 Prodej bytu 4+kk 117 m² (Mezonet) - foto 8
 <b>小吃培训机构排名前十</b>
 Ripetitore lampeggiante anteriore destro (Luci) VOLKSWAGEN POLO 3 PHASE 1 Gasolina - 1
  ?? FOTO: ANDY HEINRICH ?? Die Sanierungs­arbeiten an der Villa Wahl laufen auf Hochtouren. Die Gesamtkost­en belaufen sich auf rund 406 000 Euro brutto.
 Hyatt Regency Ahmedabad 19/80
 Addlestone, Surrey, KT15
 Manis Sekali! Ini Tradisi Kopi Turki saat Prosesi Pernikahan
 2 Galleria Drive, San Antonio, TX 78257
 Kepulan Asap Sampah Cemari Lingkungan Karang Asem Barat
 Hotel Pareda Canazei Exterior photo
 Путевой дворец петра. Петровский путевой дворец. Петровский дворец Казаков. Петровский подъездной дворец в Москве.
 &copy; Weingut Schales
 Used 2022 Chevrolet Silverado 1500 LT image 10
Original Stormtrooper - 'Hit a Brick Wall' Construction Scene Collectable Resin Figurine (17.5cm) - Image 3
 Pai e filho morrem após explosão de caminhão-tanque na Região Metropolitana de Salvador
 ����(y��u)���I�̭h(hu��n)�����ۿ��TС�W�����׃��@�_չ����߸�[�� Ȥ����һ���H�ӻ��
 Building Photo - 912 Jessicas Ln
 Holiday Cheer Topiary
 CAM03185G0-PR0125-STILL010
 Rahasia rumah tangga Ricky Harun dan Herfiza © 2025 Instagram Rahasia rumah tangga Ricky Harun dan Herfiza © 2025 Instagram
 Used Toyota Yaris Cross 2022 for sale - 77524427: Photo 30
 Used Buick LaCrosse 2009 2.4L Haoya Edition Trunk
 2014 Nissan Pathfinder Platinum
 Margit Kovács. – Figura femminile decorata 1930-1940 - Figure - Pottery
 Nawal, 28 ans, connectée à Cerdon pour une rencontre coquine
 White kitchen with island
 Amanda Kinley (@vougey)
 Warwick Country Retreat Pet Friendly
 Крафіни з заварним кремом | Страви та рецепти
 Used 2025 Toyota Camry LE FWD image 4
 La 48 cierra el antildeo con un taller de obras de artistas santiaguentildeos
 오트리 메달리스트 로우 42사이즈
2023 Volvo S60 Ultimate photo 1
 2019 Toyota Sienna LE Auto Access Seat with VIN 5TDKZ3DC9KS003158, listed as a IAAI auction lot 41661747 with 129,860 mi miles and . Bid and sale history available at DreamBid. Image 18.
◇ ◇ ◇ ◇
• **Aim of the task**
Transcribe the records above exactly, beginning at the line that contains "Building Photo - 912 Jessicas Ln" and ending with the line that contains "Margit Kovács. –", both included, and nothing else.

• **Exercise response**
 Building Photo - 912 Jessicas Ln
 Holiday Cheer Topiary
 CAM03185G0-PR0125-STILL010
 Rahasia rumah tangga Ricky Harun dan Herfiza © 2025 Instagram Rahasia rumah tangga Ricky Harun dan Herfiza © 2025 Instagram
 Used Toyota Yaris Cross 2022 for sale - 77524427: Photo 30
 Used Buick LaCrosse 2009 2.4L Haoya Edition Trunk
 2014 Nissan Pathfinder Platinum
 Margit Kovács. – Figura femminile decorata 1930-1940 - Figure - Pottery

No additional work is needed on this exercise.